(Data items)
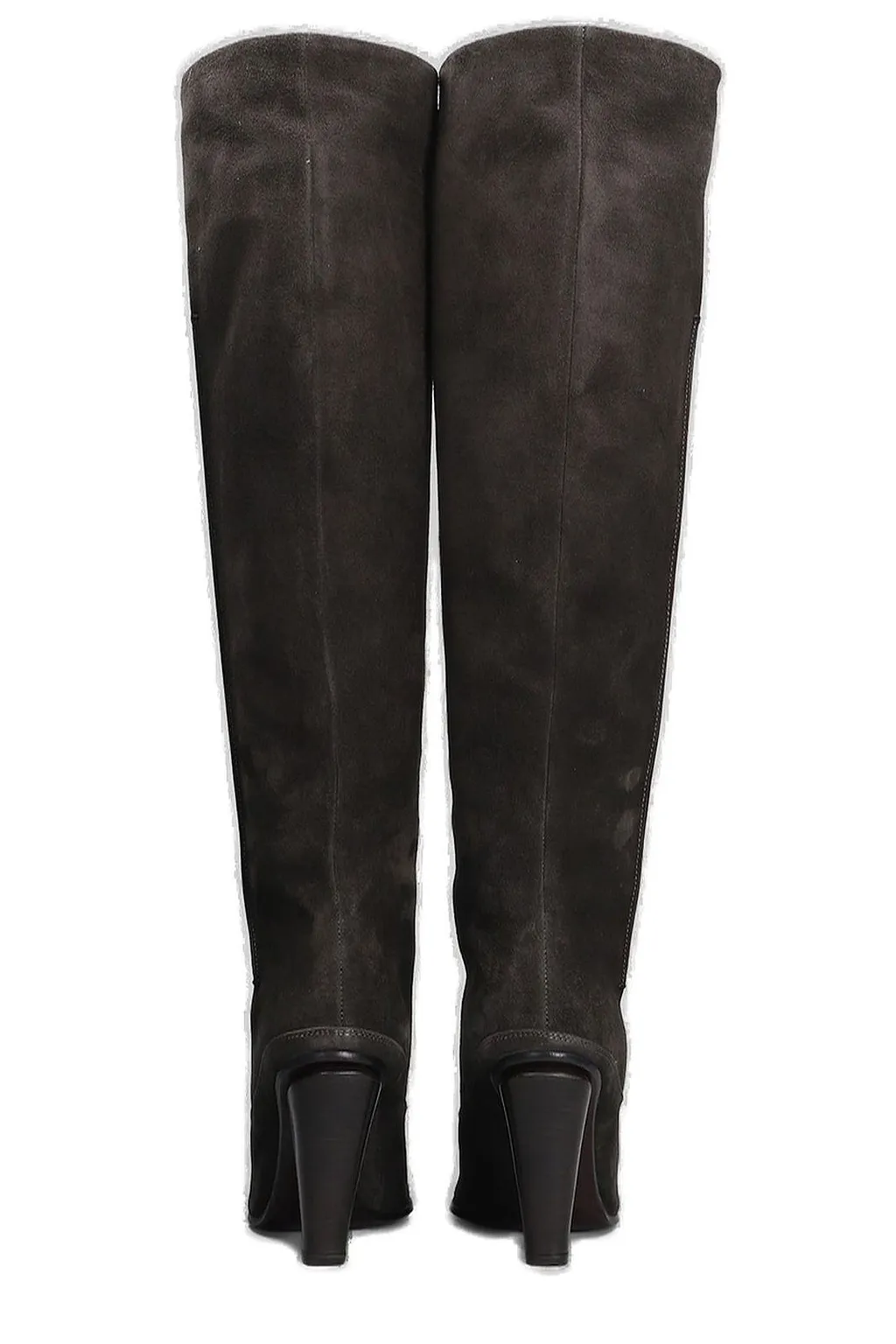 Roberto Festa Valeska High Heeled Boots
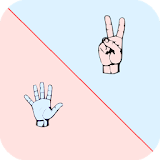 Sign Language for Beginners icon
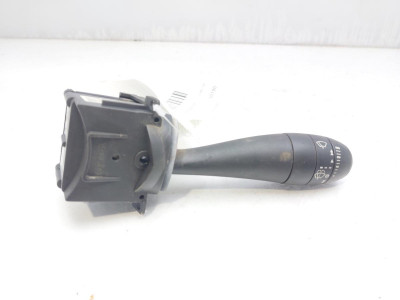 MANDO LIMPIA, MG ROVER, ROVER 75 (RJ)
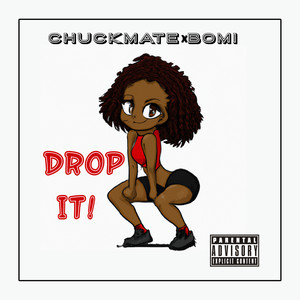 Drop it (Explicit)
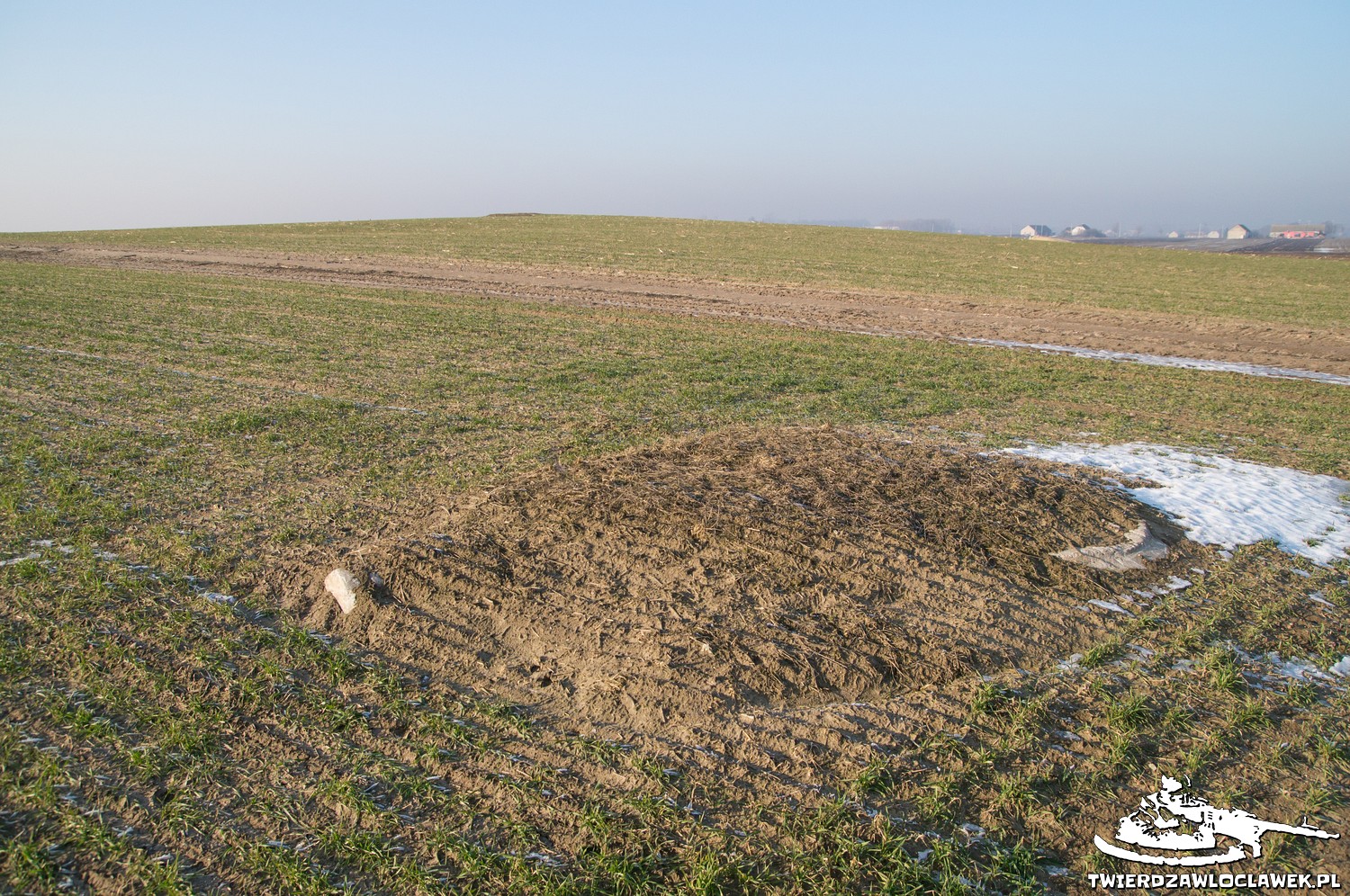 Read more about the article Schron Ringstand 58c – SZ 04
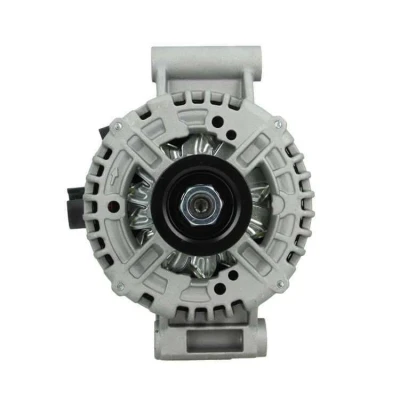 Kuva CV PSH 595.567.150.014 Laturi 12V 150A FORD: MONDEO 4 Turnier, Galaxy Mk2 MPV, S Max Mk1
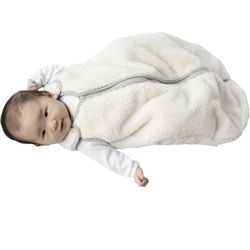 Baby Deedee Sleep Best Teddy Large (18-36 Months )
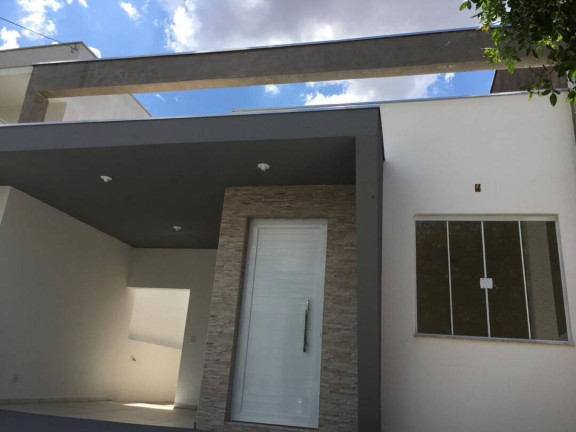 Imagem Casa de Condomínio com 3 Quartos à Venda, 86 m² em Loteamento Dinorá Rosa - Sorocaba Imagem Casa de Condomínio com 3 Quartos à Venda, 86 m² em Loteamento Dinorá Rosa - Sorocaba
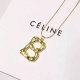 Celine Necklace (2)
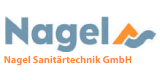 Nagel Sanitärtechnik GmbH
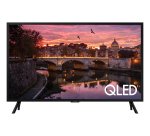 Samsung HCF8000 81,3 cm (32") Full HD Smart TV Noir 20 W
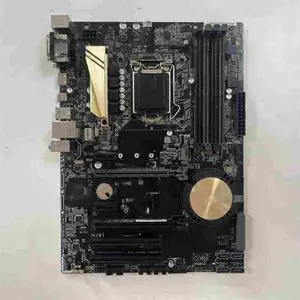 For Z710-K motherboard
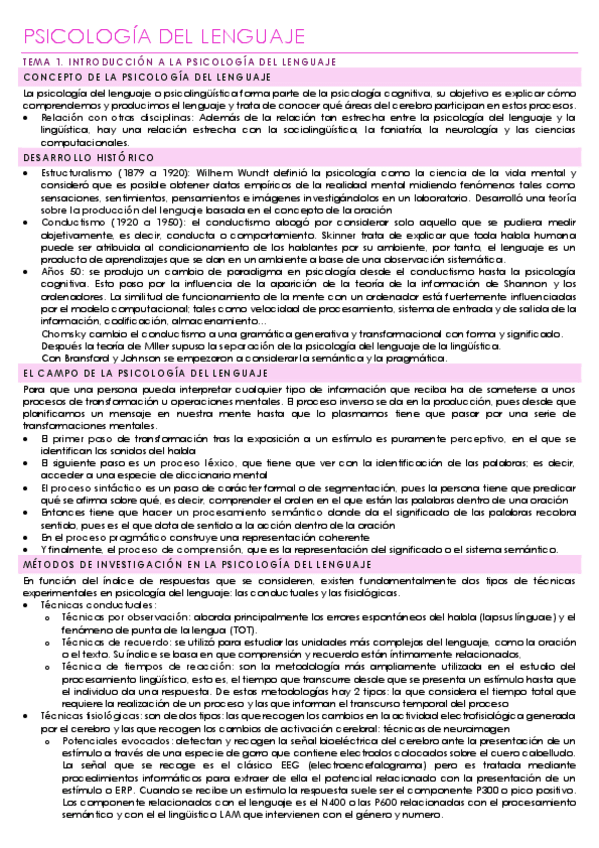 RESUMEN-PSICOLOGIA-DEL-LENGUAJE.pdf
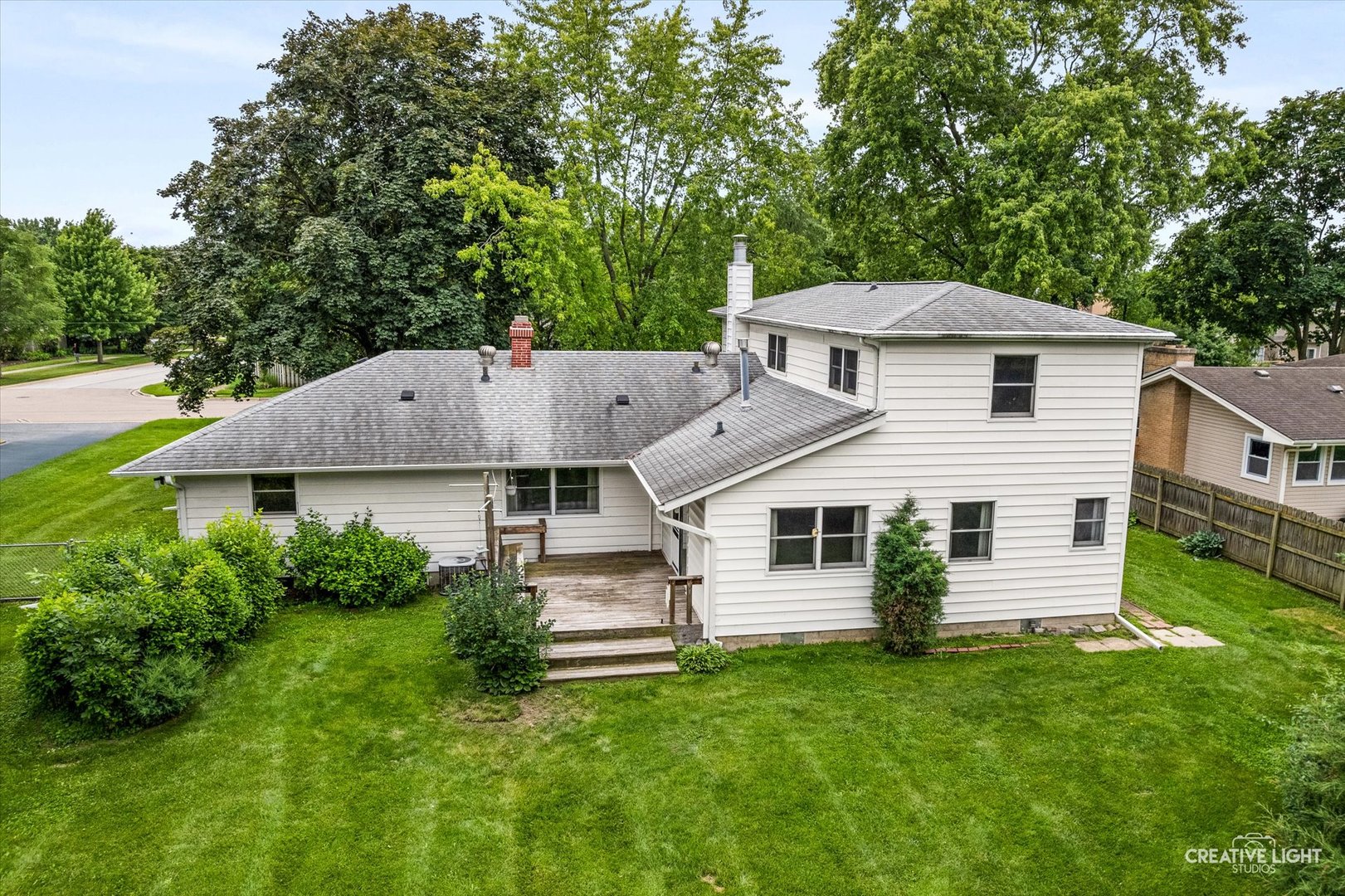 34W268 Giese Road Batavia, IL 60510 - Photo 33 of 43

> **PROMPT**
What are the lines from the one containing "Nagel Sanitärtechnik GmbH" through the end of the records? Write them out exactly, leaving out the pictures.

> **SOLUTION BELOW**
 Nagel Sanitärtechnik GmbH
 Samsung HCF8000 81,3 cm (32") Full HD Smart TV Noir 20 W
 For Z710-K motherboard
 RESUMEN-PSICOLOGIA-DEL-LENGUAJE.pdf
 34W268 Giese Road Batavia, IL 60510 - Photo 33 of 43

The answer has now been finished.